Miro el reloj. Son las doce del mediodía. Hace dos horas que estamos hablando y le digo a Wolff que no quiero abusar de su amabilidad. Insiste en llevarme a almorzar para después acercarme a la estación de tren de Palo Alto. Vamos a un restaurante familiar de comida de la India. Mientras hacemos la fila para servirnos los platos, le pregunto el título de su próxima novela. Tiene dos en mente. Uno es Sepulturero, conduzca más despacio, de una canción de Johnny Cash. El otro son las últimas palabras que Pancho Villa le dijo al asistente que tenía al lado: ¡Ponga que dije algo!

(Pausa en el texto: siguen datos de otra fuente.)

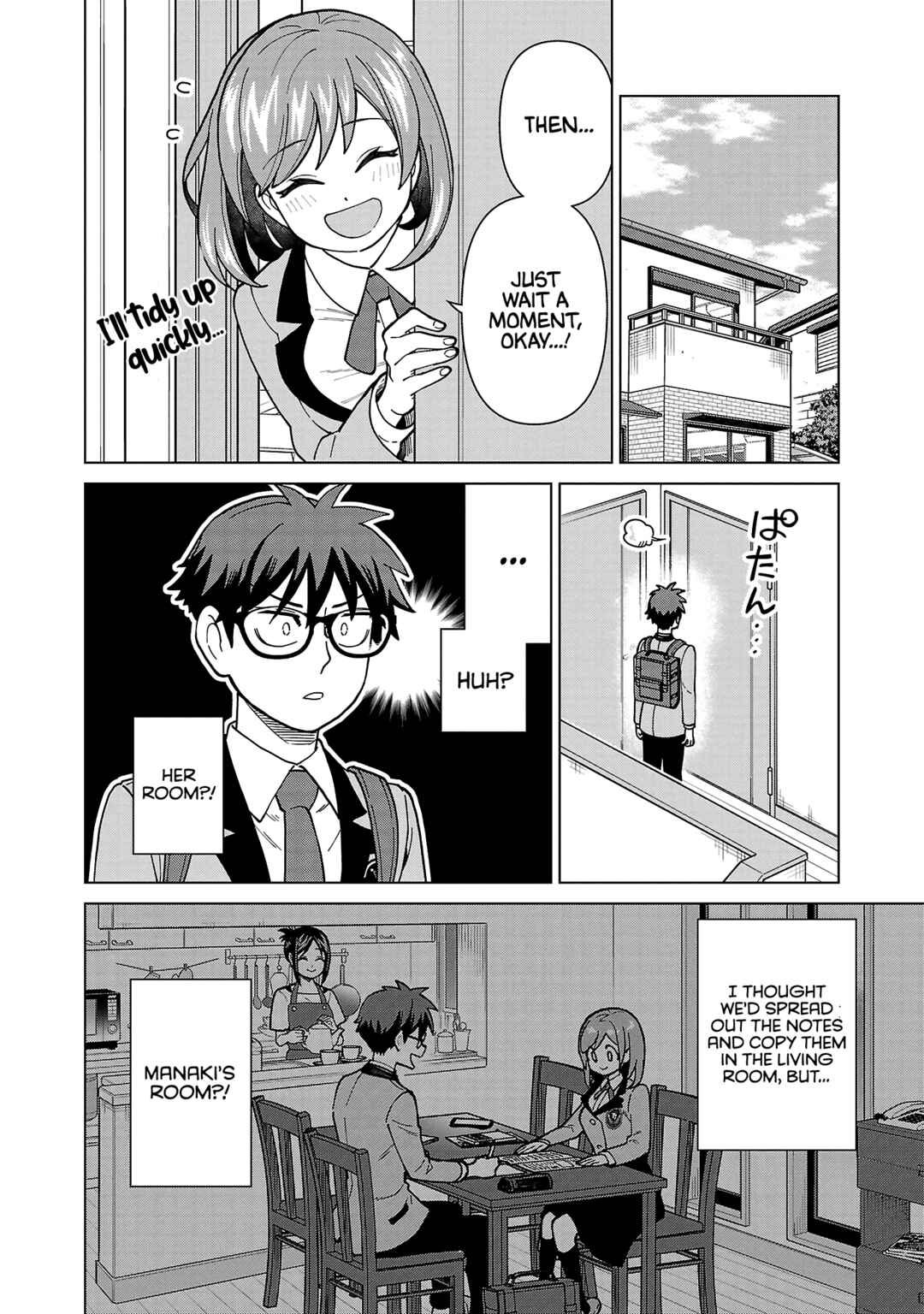 Page 8 Chapter 11 Soredemo Kimi o Shiawase ni Shitai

Después me cuenta que hace unas semanas se cumplieron cincuenta años de la muerte en Vietnam de Hugh Pierce (el amigo de Wolff que cayó en combate en 1966 y al que de algún modo está dedicada En el ejército del faraón). “Es una espina que tengo clavada en el corazón”, me dice. En una ocasión conoció brevemente al hermano de Hugh, continúa, “y hace unas semanas me acordé de repente a qué colegio había ido. Conseguí su número actual en la lista de ex alumnos del colegio y lo llamé. Hablamos más de una hora sobre Hugh. Tenía diecinueve años cuando murió. ¡Qué desperdicio!”, agrega y se queda en silencio.

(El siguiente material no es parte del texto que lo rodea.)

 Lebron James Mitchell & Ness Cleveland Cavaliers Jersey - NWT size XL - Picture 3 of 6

Manejamos hasta la estación de tren. Antes de que me dé vuelta para darle la mano, Wolff ya se sacó el cinturón y está abriendo la puerta del auto. Salgo y veo que Wolff se me acerca con los brazos extendidos. Me da un abrazo de oso, un abrazo que se podría llamar militar. Espero el tren en un banco de madera, debajo de un árbol, y pienso que, a veces, los escritores que imaginamos mientras leemos sus libros se parecen bastante a los hombres de carne y hueso que los escribieron.